Dataset excerpts section start
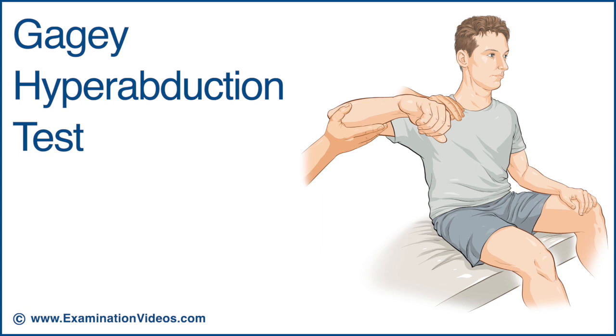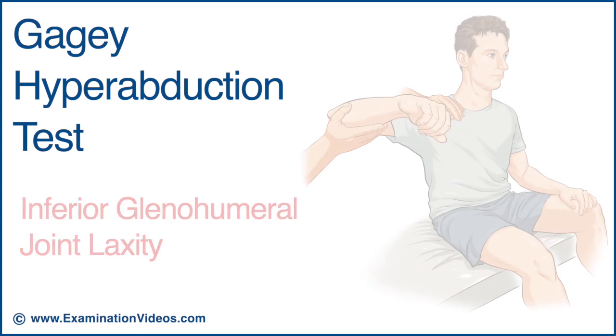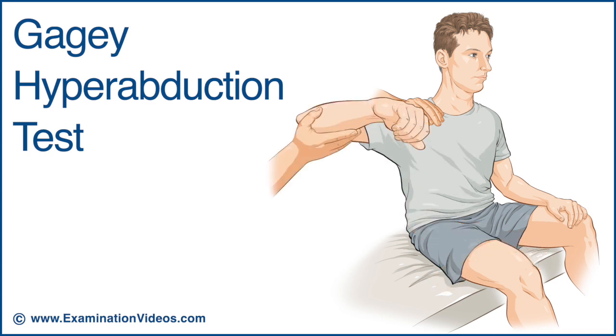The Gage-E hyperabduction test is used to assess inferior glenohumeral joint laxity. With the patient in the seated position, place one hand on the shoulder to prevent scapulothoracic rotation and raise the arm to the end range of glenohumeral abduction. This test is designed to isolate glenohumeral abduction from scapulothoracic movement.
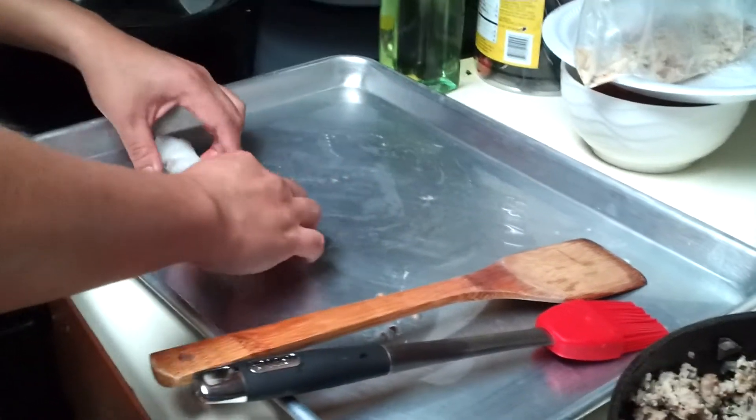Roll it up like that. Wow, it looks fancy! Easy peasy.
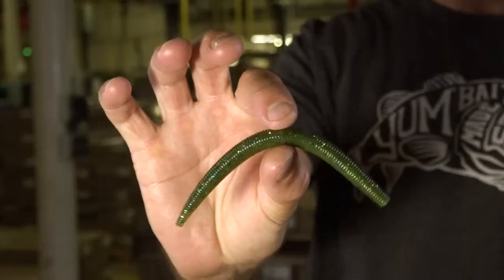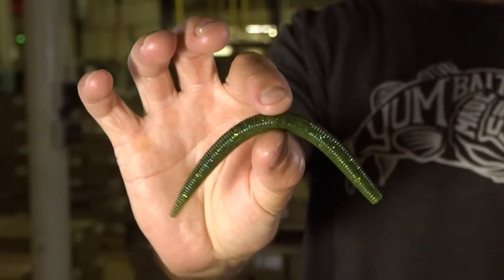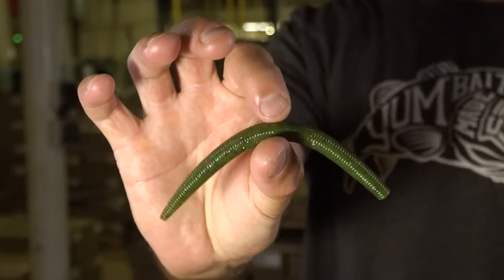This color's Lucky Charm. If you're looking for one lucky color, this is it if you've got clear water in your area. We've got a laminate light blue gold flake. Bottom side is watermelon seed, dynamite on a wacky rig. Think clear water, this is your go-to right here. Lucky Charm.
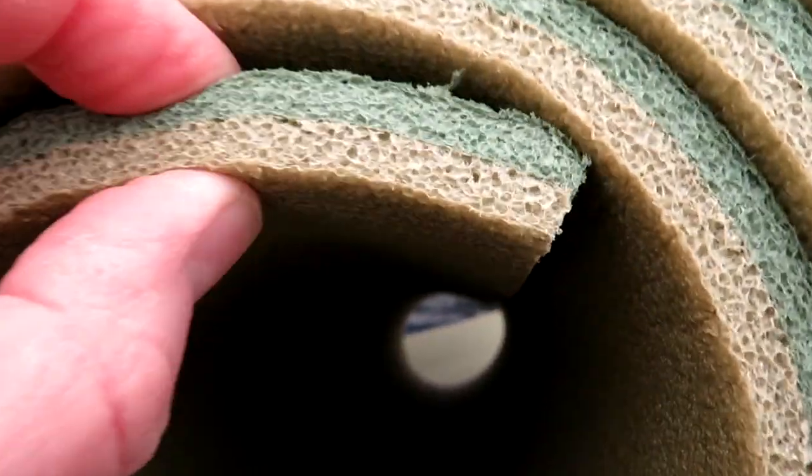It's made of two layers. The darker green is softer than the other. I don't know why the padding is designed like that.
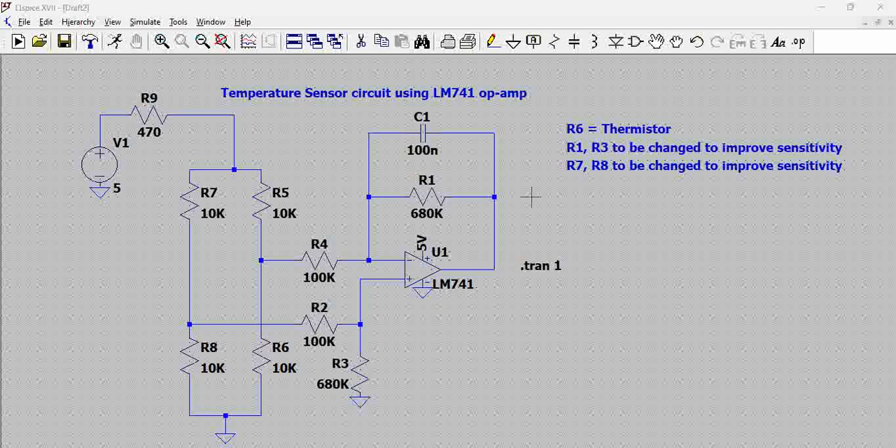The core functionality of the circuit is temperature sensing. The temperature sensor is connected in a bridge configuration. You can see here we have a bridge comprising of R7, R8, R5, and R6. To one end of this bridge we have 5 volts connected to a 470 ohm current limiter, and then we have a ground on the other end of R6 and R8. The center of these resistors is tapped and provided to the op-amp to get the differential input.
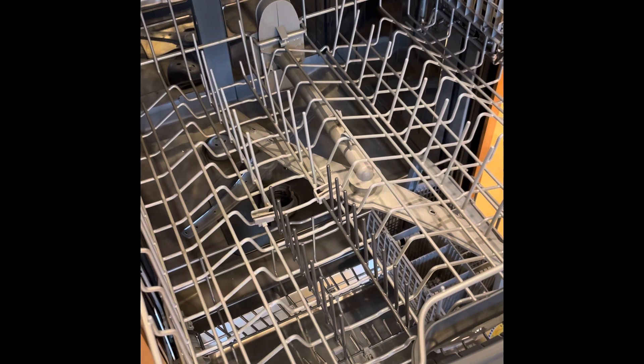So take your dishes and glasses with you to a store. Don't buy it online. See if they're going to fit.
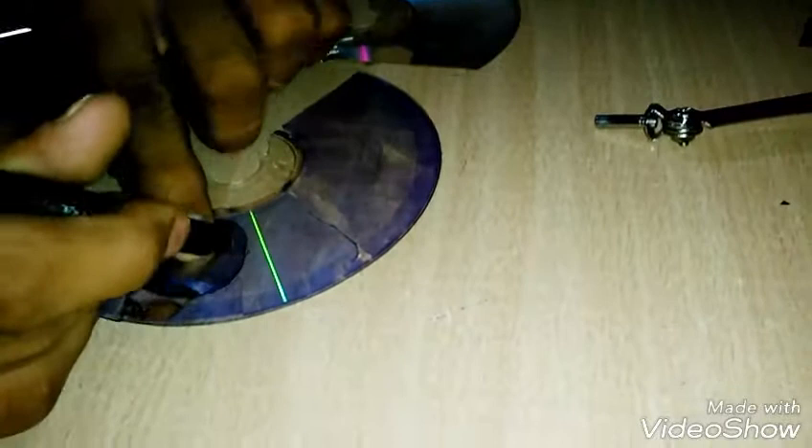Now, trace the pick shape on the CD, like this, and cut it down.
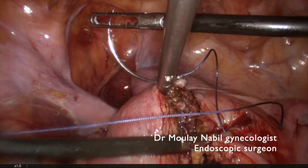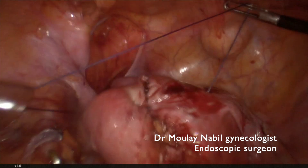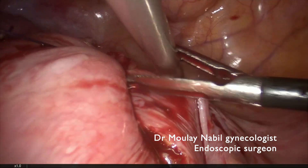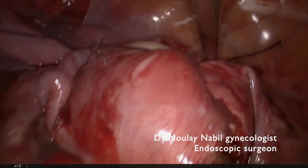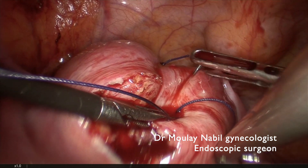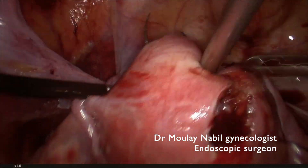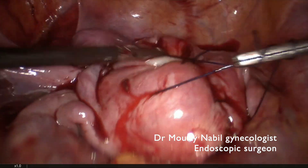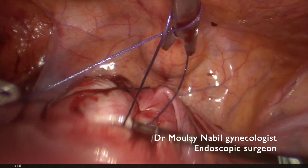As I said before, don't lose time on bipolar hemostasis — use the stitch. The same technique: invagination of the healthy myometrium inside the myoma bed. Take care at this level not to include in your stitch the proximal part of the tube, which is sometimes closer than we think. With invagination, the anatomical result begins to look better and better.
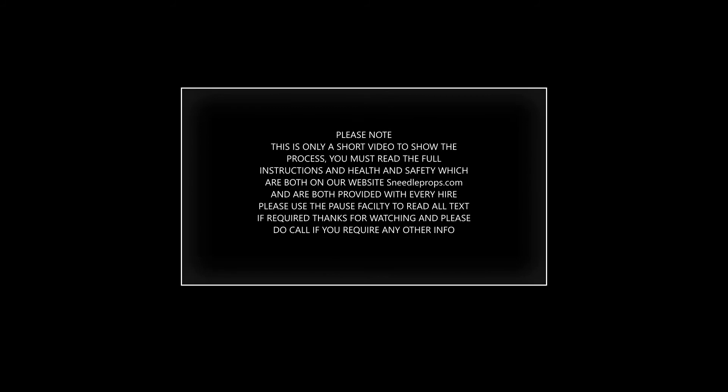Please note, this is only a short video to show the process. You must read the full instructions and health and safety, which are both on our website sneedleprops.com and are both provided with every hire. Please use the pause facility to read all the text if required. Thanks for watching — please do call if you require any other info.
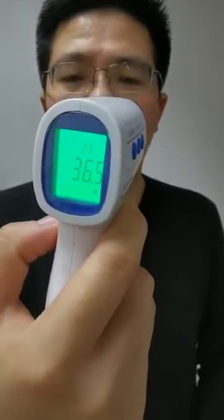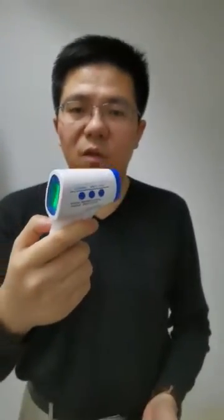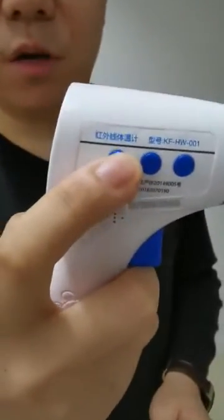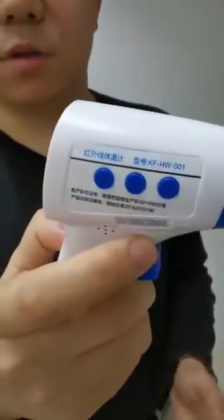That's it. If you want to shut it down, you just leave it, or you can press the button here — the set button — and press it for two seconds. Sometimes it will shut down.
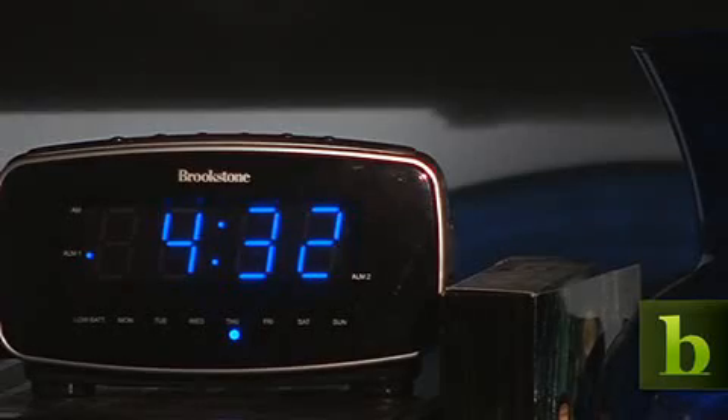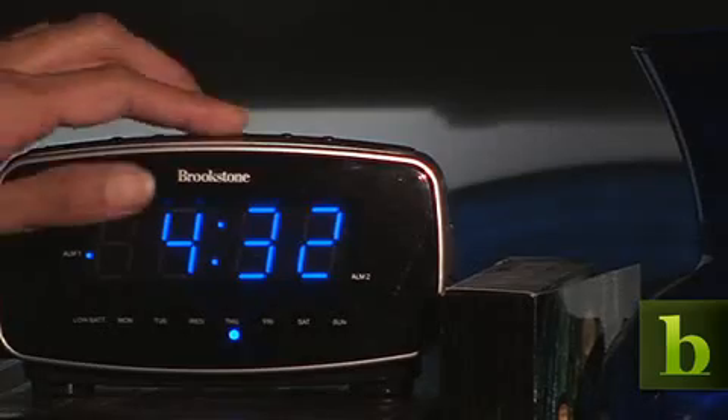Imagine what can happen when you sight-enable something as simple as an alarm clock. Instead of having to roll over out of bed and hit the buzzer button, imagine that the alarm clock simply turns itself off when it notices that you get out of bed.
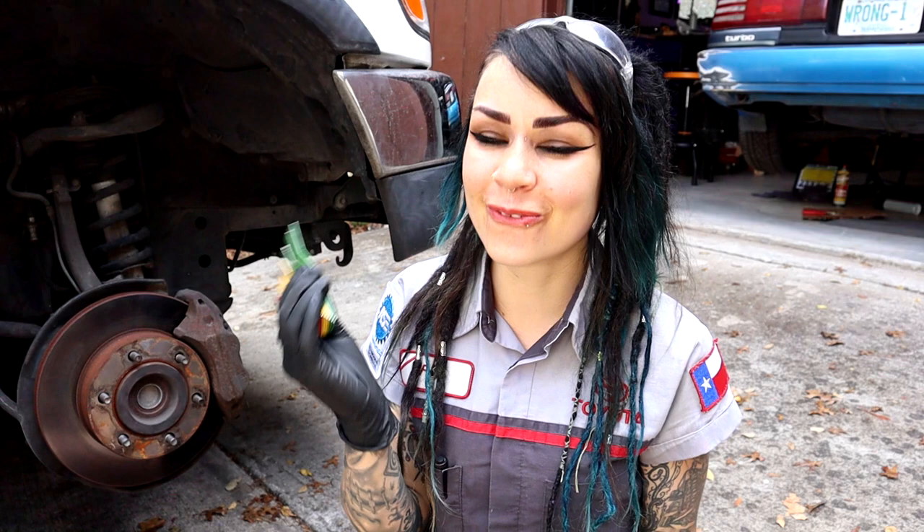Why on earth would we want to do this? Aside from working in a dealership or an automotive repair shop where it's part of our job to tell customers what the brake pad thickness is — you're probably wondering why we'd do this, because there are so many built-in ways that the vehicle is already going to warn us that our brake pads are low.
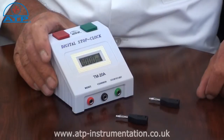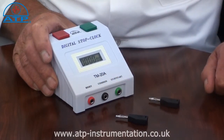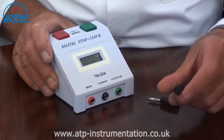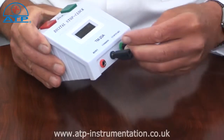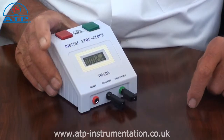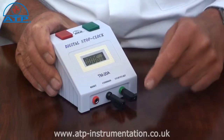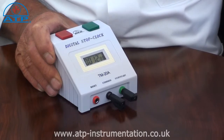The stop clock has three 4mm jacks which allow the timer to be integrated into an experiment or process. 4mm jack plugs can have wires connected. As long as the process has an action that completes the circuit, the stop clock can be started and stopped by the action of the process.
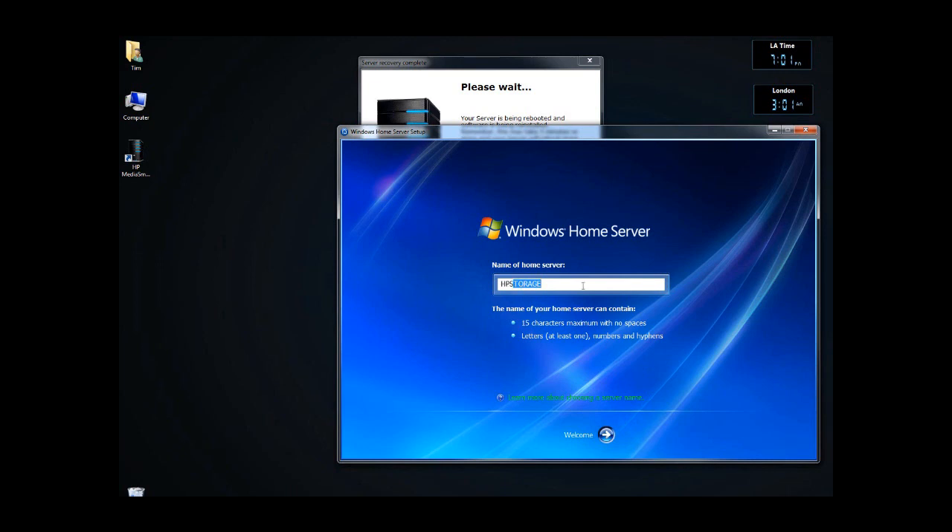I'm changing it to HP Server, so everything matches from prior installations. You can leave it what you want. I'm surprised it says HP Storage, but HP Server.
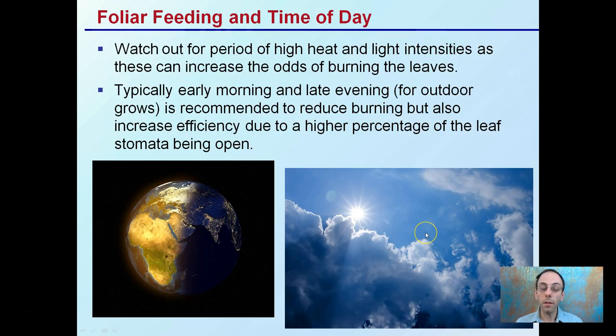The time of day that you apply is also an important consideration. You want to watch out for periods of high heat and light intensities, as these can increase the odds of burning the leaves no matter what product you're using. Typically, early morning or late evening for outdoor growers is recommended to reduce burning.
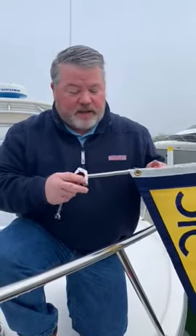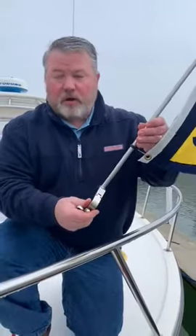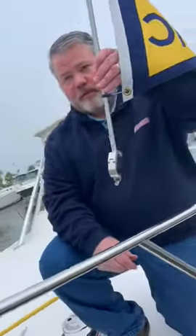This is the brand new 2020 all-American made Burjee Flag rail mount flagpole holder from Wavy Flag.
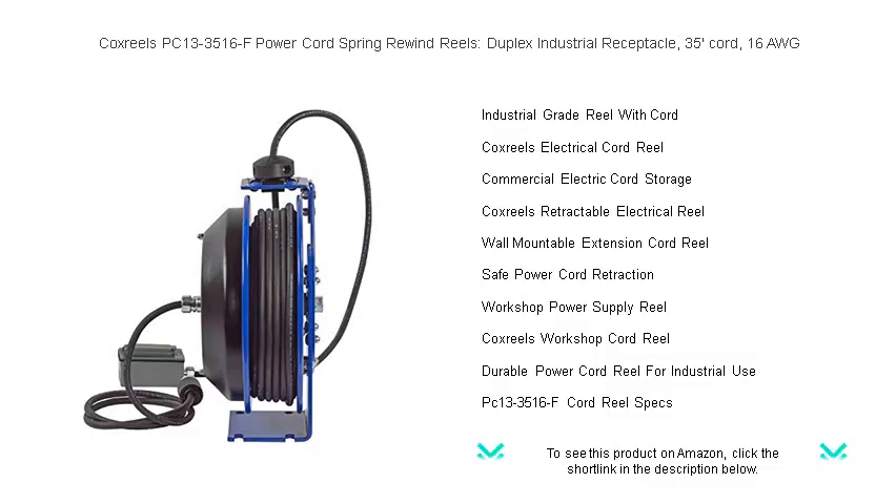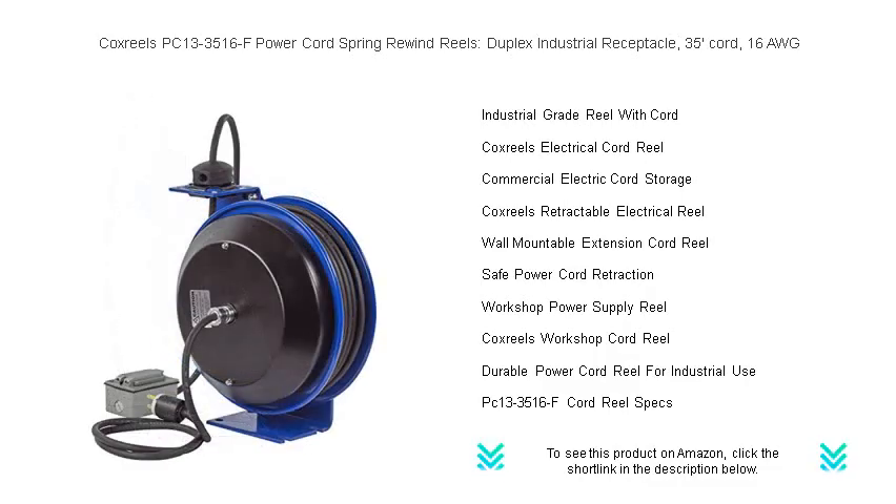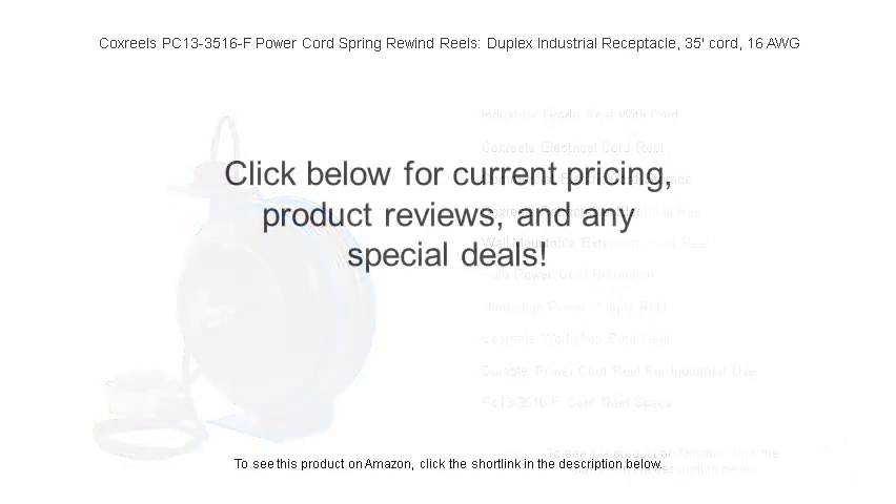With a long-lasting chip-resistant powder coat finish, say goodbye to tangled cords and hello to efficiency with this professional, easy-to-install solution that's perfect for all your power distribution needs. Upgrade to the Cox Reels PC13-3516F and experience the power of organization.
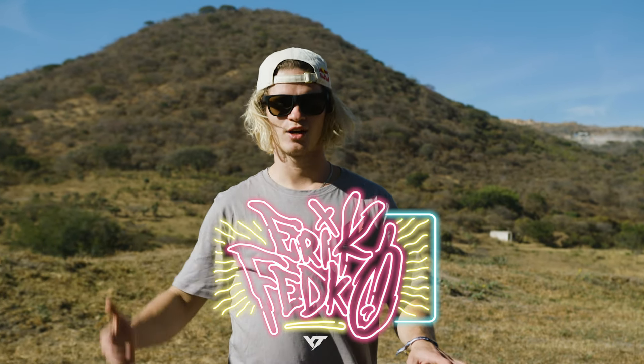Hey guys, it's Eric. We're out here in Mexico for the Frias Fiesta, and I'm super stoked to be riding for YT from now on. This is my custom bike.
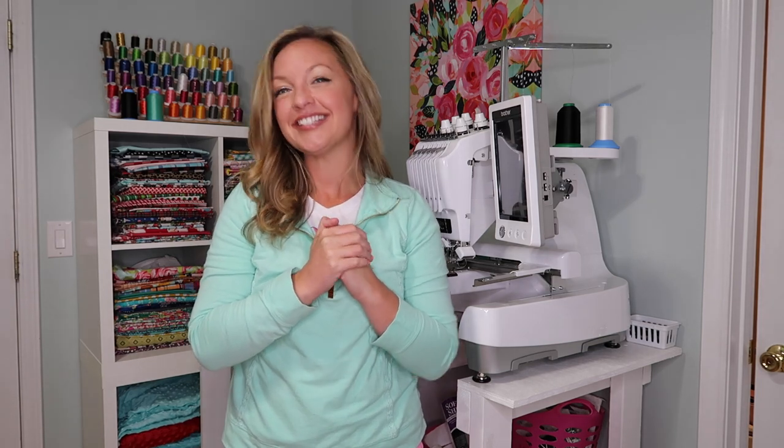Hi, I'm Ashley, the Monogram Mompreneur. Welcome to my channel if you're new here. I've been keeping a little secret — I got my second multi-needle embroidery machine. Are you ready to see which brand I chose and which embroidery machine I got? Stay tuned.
Dataset excerpts section end
Beginning with the line that contains "With a long-lasting", write out every line through the last one in the records, exactly and without pictures.

--- Expected answer ---
With a long-lasting chip-resistant powder coat finish, say goodbye to tangled cords and hello to efficiency with this professional, easy-to-install solution that's perfect for all your power distribution needs. Upgrade to the Cox Reels PC13-3516F and experience the power of organization.
Hey guys, it's Eric. We're out here in Mexico for the Frias Fiesta, and I'm super stoked to be riding for YT from now on. This is my custom bike.
Hi, I'm Ashley, the Monogram Mompreneur. Welcome to my channel if you're new here. I've been keeping a little secret — I got my second multi-needle embroidery machine. Are you ready to see which brand I chose and which embroidery machine I got? Stay tuned.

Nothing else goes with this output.